Innym czynnikiem wspierającym ceny ropy naftowej jest informacja o trwającym procesie uzupełniania strategicznych rezerw ropy przez Stany Zjednoczone. Wczoraj Departament Energii podał, że USA kupiły 2,1 mln baryłek ropy z dostawą w lutym, co łącznie oznacza uzupełnienie rezerw już o 11 mln baryłek. Stany Zjednoczone deklarowały, że po niedawnej historycznie dużej sprzedaży ropy z rezerw w kolejnych miesiącach będą się skupiać na ich uzupełnianiu. Te liczby jednak także nie są istotne z punktu widzenia globalnego rynku – 2,1 mln baryłek to zaledwie około 2% dziennej światowej produkcji i konsumpcji ropy.
ZŁOTO
Wyczekiwanie na dane na rynku złota.
Ten tydzień na rynku złota jest spokojny.
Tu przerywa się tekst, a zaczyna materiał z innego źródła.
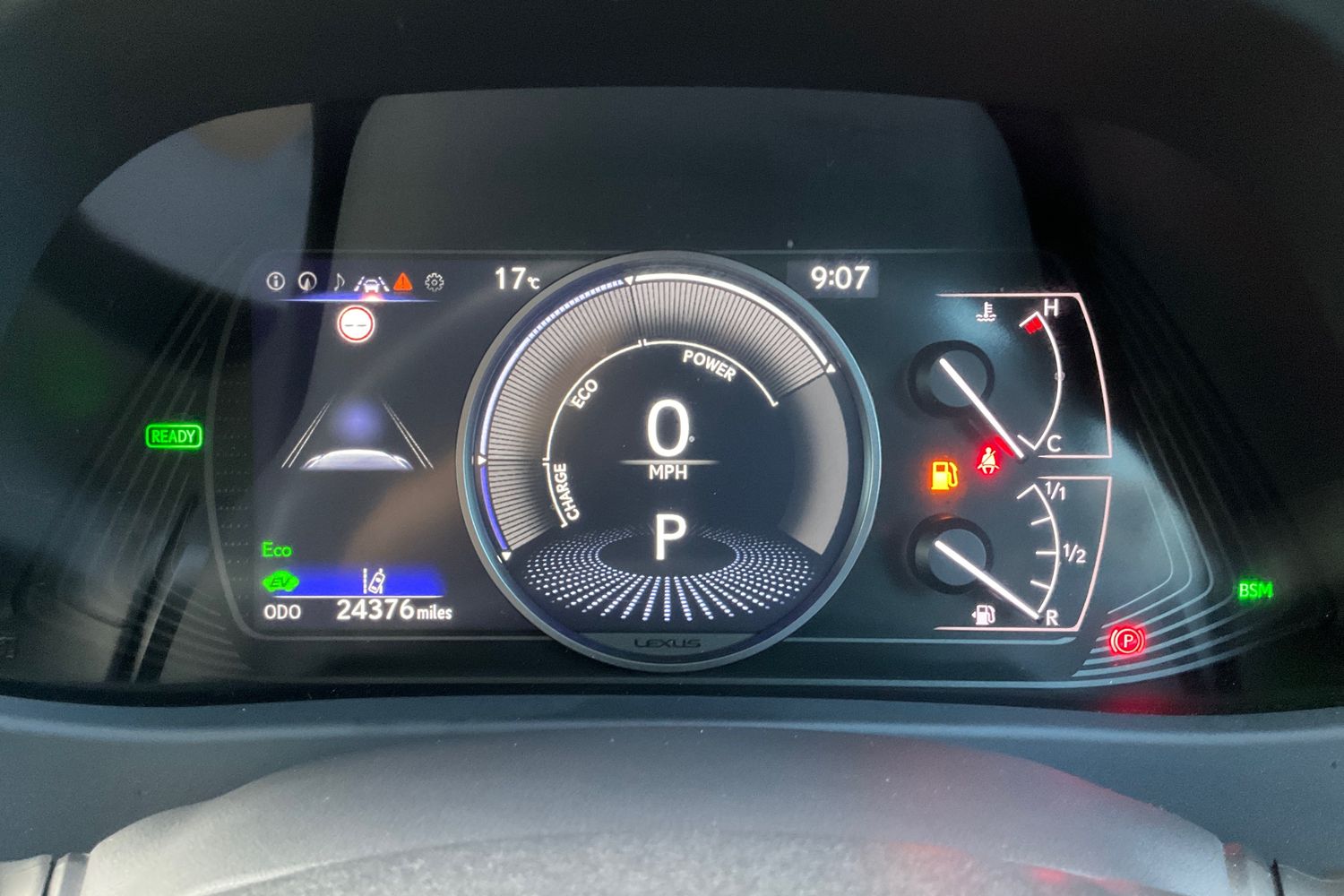Lexus UX Photo 12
Dziś notowania kruszcu poruszają się w okolicach 2050 USD za uncję, stabilizując się na podwyższonych poziomach po ubiegłotygodniowej deklaracji Rezerwy Federalnej o zakończeniu cyklu podwyżek stóp procentowych.
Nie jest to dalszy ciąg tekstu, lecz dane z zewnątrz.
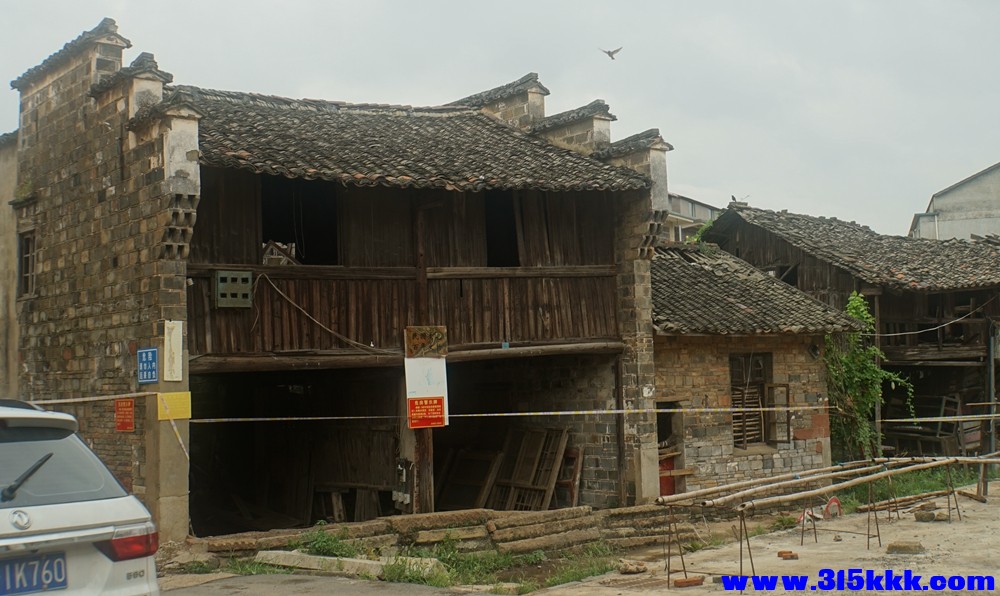 古镇还保留着50年代的老房子但也是摇摇欲坠了.jpg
Niemniej, więcej emocji na rynku złota może pojawić się w drugiej połowie bieżącego tygodnia, bowiem trwa wyczekiwanie na ważne dane makroekonomiczne ze Stanów Zjednoczonych (w czwartek publikacja danych dot. PKB, a w piątek PCE core). Dane te mogą zweryfikować obecne oczekiwania związane z dalszymi działaniami Fed.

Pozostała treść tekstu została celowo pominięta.